Turkoman, a late-blooming 4-year-old, has been compared lately with such legends as Whirlaway and Silky Sullivan. He will have the chance to show if he merits these accolades when he faces a superb field in the historic Widener Handicap at Hialeah Park Saturday.
Turkoman finished third in the Breeders' Cup last November, and might have won the $3 million event with better luck. But since that time he hasn't needed luck; he has been overpowering.
In the Affirmed Stakes at Hollywood Park, Turkoman trailed by 10 lengths on the final turn, while a formidable rival named Banner Bob was cruising comfortably on the lead. But Turkoman erupted in the stretch and flew past the front-runner, running a mile in 1:34 1/5. It was the kind of move that is rarely seen on the speed-favoring California tracks.
The kind of move he made at Hialeah two weeks ago has rarely been seen anywhere. Trainer Gary Jones entered Turkoman in the six-furlong Tallahassee Handicap as a prep for the Widener, with little expectation of winning.
With a quarter mile to go, Turkoman seemed to have no chance whatsoever, trailing the leader by 15 lengths. But he flew past the entire field in the stretch, winning in 1:08 1/5, and then galloped out another quarter mile. Clockers could hardly believe their stopwatches when he was done. Turkoman had galloped the mile in 1:32 3/5, two-fifths of a second off the world record.
Horses endowed with such brilliance usually show it early in their lives -- early enough, as a rule, to make an impact in the Triple Crown races. Where has Turkoman been?
"Actually," trainer Gary Jones said yesterday morning, "this horse has always been a good one, physically. I told the owner before he ever ran that this was going to be a very, very good horse going a distance. But he was slow developing mentally. He kept making mistakes. Every race where he got beat, he had an excuse. I must have tried every type of equipment on him, but finally I took all the garbage off. It was just a matter of his maturing."
Even so, Turkoman's talent might have remained hidden if the colt had stayed in California.
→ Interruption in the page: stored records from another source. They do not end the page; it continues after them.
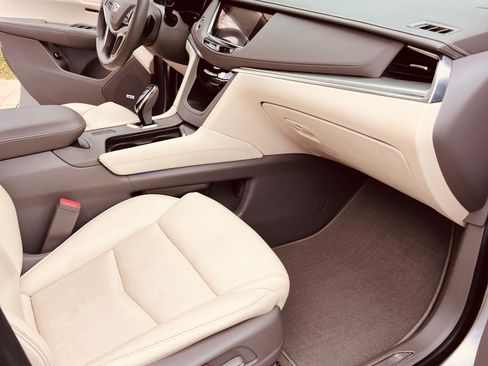 Used 2018 Cadillac XT5 Luxury w/ Driver Awareness Package image 13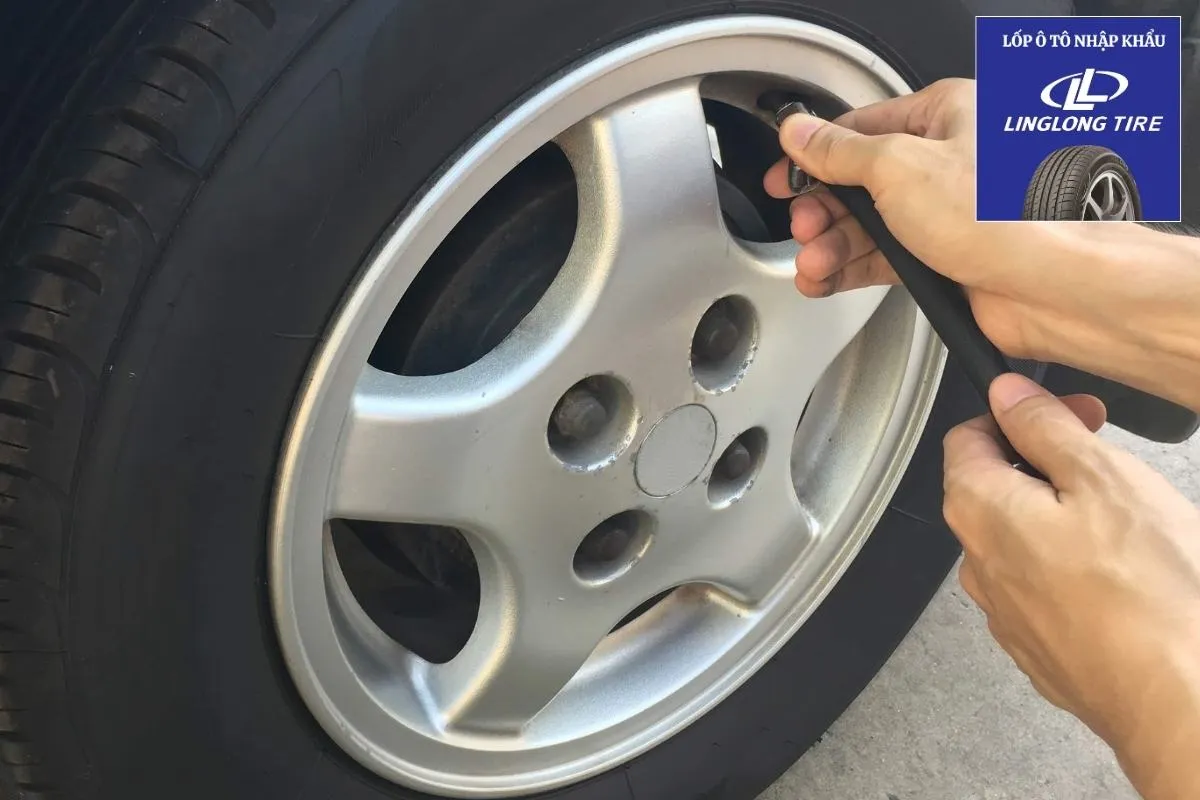 Một tài xế đang kiểm tra áp suất lốp xe tải bằng đồng hồ đo áp suất chuyên dụng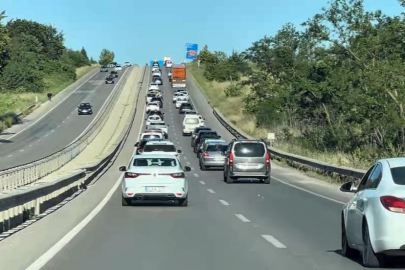 BAYRAM DÖNÜŞ YOĞUNLUĞU BURSA YOLLARINI KİLİTLEDİ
On the rock-hard western tracks, come-from-behind horses don't usually fare well. "When we came to Saratoga for the Travers, we found out that he likes the deeper eastern tracks," Jones said. "I'm a western trainer with an eastern horse."
Turkoman will feel at home at Hialeah, but he still has to prove that he can beat the caliber of horses he will face in the Widener. Turkoman has still never finished first in a major stake. On Saturday, he will be facing such established stars as Proud Truth, the winner of the Breeders' Cup; Creme Fraiche, the winner of last year's Belmont Stakes, and Gate Dancer, the richest horse in training, with earnings of $2.4 million
"He's still got to show he can do it," Jones said, "but I think he can. I think he's right on the verge of proving just how good he is. That's why we're here."